╭──
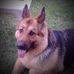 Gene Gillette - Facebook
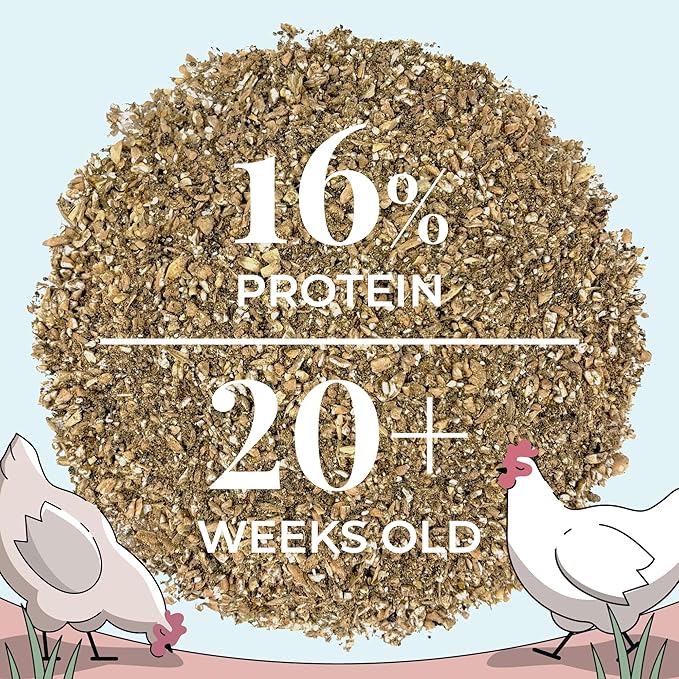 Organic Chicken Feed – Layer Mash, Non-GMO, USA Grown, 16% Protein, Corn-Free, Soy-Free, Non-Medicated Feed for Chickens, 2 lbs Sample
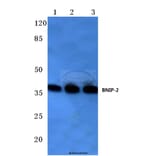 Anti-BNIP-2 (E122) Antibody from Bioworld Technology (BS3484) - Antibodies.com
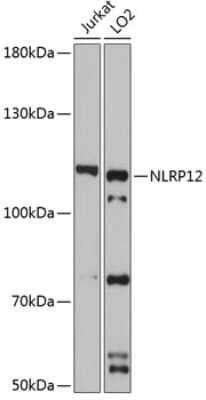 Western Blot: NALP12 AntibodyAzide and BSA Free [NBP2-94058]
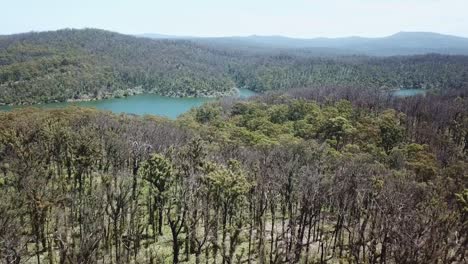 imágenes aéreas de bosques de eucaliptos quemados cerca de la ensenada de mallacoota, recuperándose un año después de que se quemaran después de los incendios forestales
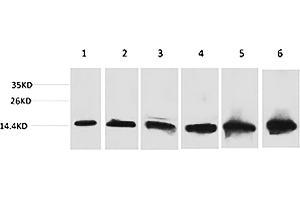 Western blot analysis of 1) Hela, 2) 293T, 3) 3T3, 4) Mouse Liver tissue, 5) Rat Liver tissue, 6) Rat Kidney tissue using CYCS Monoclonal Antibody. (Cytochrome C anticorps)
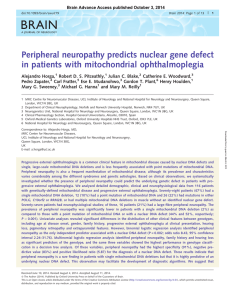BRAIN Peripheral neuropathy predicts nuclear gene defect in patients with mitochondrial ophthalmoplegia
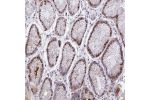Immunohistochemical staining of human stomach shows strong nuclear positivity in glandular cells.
╰──
TASK OBJECTIVE: Please set down exactly the lines from the one holding "BRAIN Peripheral neuropathy" through the last line of the entries, both ends included, and skip pictures.

EXERCISE OUTPUT:
BRAIN Peripheral neuropathy predicts nuclear gene defect in patients with mitochondrial ophthalmoplegia
Immunohistochemical staining of human stomach shows strong nuclear positivity in glandular cells.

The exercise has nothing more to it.